/WRRegexBasic

A Powerful and Fast regex engine. Featuring pure DFA match, Thompson NFA match(extended regex should be supported soon), regex operation(union, intersection , complementary), DFA to regex is also available

Primary LanguageObjective-CApache License 2.0Apache-2.0

WRRegexbasic: A Powerful Pure Regex Engine

0 Features

  1. DFA to regex
  2. Regex intersection, union, negation operation
  3. DFA compression
  4. Epsilon free NFA conversion
  5. Using range to represent transitions

1 How to install

Clone this repo and build it in Xcode

2 How to use

the basic work flow is like this:

- (BOOL)workFlowWithRegex:(NSString *)regex
                 andInput:(NSString *)input{
  // Parsing For Regex, you can cache the parser and scanner if needed
  WRLR1Parser *parser = [[WRLR1Parser alloc] init];
  WRLanguage *language = [[WRRegexLanguage alloc] init]; 
  WRRegexScanner *scanner = [[WRRegexScanner alloc] init];
  parser.language = language;
  parser.scanner = scanner;
  [parser prepare];
  scanner.inputStr = regex; 
  [parser startParsing];
  WRAST *ast = [language astNodeForToken:parser.parseTree];

  // build dfa for regex
  WRCharRangeNormalizeMapper *mapper = [[WRCharRangeNormalizeMapper alloc] initWithRanges:scanner.ranges];
  
  for (WRCharTerminal *charTerminal in scanner.charTerminals) {
    charTerminal.rangeIndexes = [mapper decomposeRangeList:charTerminal.ranges];
  };

  WRREFAManager *manager = [[WRREFAManager alloc] initWithCharRangeMapper:mapper
                                                                      ast:ast];

  WRREFABuilder *builder = manager.builder;

  // [builder printDFA]; print the state

  // [builder DFA2Regex]; if you have dfa states, you can transfer it to regex

  // you can use the regex to match multiple inputs

  return [builder matchWithString:input];
}

you can use this lib to wrap your own regex functions, cache the parser, scanner, dfaManager if needed.
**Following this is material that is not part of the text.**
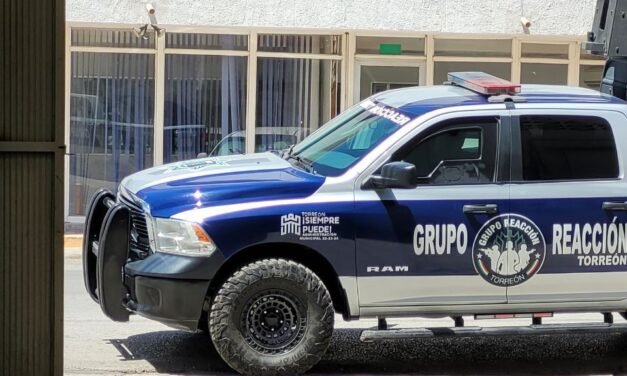 Denuncian bloqueo de estacionamiento por unidades del Grupo de Reacción en banco de Torreón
For more examples, plz see section 4 and examples in testcases.

3 Grammars

post operators

  • clojure operator : *
    e.g. 1* // zero or more char '1'
  • plus operator : +
    e.g. 1+ // one or more char '1'
  • question operator : ?
    e.g. 1? // zero or one char '1'

set operators

  • negetion operator : /!
    e.g. /!1 // the negation of expression "1"
  • intersection operator : /&
    e.g. 1/&2 // the intersection of expression "1" and expression "2"
  • union operator : /|
    e.g. 1/|2 // the union of expression "1" and expression "2"

expression operators

  • alternate operator : |
    e.g. 1|2 // new expresssion that is the alternate of expression "1" and expression "2"
  • concatenate operator : (virtual operator) // when a expression(expr2) is right after another one(expr1), we have a new expression expr formed by expr1 concatenated by expr2
    e.g. 12 // new expression that is concatenation of expression "1" and expression "2"

char representations

  • single char :any single ASCII char except the former sepecial ones
    e.g. 1, 2, a, _, !, %, , &

  • escaped char:

    1. represent the char that sepecail operators use
      e.g. /? // char '?'
      e.g. /( // char '('
      e.g. // // char '/'
    2. a short notion for ragne
      e.g. /d //all single digits, from '0' to '9'
      e.g. /w //'0' to '9', 'a' to 'z', 'A' to 'Z'
      e.g. /a //'a' to 'z',
      e.g. /A //A' to 'Z'
    3. others
      e.g. /t(tab), /n((new line), /r(carriage return)
  • char range :

    1. a pair of brackets with characters inside
      e.g. [abcde] //a|b|c|d|e
      e.g. [!.+](!|.|+ notice that special operators here are treated as characters)
    2. a pair of brackets with character-character patterns
      e.g. [a-e] //a|b|c|d|e,
      e.g. [a-c0-4] //a|b|c|d|0|1|2|3|4 this style is preffered, and some optimizations are done for it

others

  • any: . //represent any single char in range
    e.g. .. //match any string at length of 2
  • parentheses: () //raise the priority of the expression to the highest
    e.g. (1|2)* //zero or more alternation of char '1' and char '2'

operator precedence

() > * = + = ? > concatenate > | > \! > & > \|

4 Examples for Regex

"1" //  a single char '1'
"1*1+1?" // zero or more '1' followed by one or more '1' followed by zero or one '1'
"\!1" // negation of '1'
".*111.*\&\!.*00.*" // intersection of regex1: any string contains "111", and regex2: any string does not contain "00"
"(0|1)*111[01]*\&\![01]*00[01]*" // regex of "(0|1)*111[01]* "intersects with the negation of "[01]*00[01]*"